Exercise details: From the first line to the last, output the data exactly as it stands, minus its pictures.

=-=-=

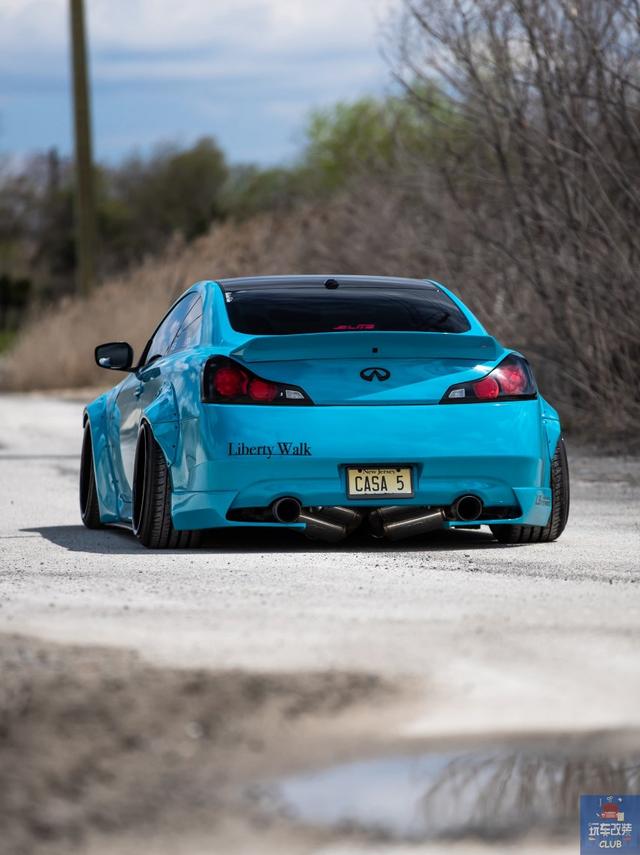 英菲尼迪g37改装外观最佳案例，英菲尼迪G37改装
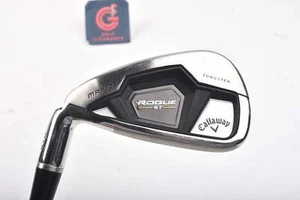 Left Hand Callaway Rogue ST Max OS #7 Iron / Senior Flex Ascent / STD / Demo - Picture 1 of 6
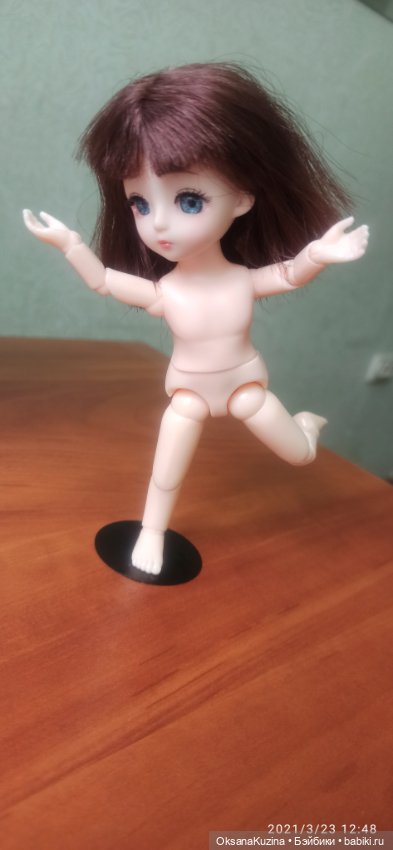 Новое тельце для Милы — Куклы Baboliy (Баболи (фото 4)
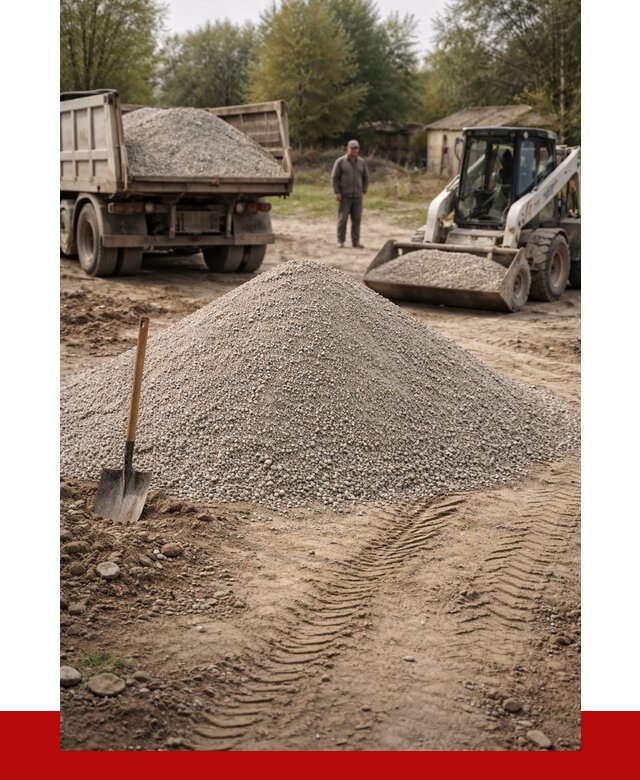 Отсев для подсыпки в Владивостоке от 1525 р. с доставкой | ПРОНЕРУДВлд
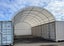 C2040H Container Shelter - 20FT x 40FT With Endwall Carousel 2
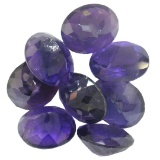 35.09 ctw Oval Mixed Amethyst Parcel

=-=-=

Written reply:
 英菲尼迪g37改装外观最佳案例，英菲尼迪G37改装
 Left Hand Callaway Rogue ST Max OS #7 Iron / Senior Flex Ascent / STD / Demo - Picture 1 of 6
 Новое тельце для Милы — Куклы Baboliy (Баболи (фото 4)
 Отсев для подсыпки в Владивостоке от 1525 р. с доставкой | ПРОНЕРУДВлд
 C2040H Container Shelter - 20FT x 40FT With Endwall Carousel 2
 35.09 ctw Oval Mixed Amethyst Parcel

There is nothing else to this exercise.